しかし暗い森を歩く不安感が全くない。時には熊と出会うかも知れないけど、その怖さもない。新たな気持ちで触れ合う森への挨拶して、これから宜しくお願いしますという謙虚な心で歩いている自分がいた。そもそもそんなに謙虚な人間ではなかったはずだけど。
先日通ったように、一度川まで出る方がルートとしてはわかりやすいのだけど、距離としては遠回りになるので、少しショートカット気味に渡瀬さんの家のある西の方向へ歩いた。
途中に標高は高くはないのだけど、急な勾配の山があるので、どうしてもそこは遠回りしないと行けないけれど、なるべくその斜面に沿って西方向へ行くの時間的にはロスも少ないだろう。
途中で一度来た事がある岩場の水飲み場がある所に出た。ここからは30分も掛からないだろう。
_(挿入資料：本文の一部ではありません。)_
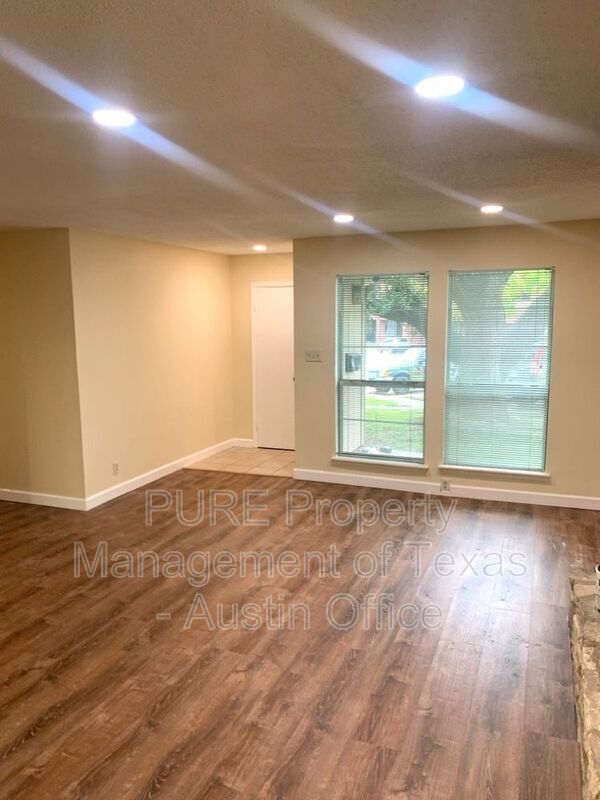 Foto del edificio - 616 Castle Ridge Rd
そして渡瀬さんの家に着いた頃には、日もすっかり明けていた。家の前に立っている渡瀬さんを見つけ、小走りで近付いた。
「おはようございます。」
「おはよう。」
「今日からよろしくお願いします。」とペコリと頭を下げる。
「ここまでどれぐらい時間掛かった?」
「1時間半ぐらいですね。」
「あぁ、そうか。じゃあ結構早くに出発したんだねぇ。」
「えぇ、5時過ぎに出ました。」
「まぁこれからはここまで来ないで、森のどこかで待ち合わせとか、時間もゆっくりすればいいから。またあとでこの一帯の位置関係とか教えるよ。」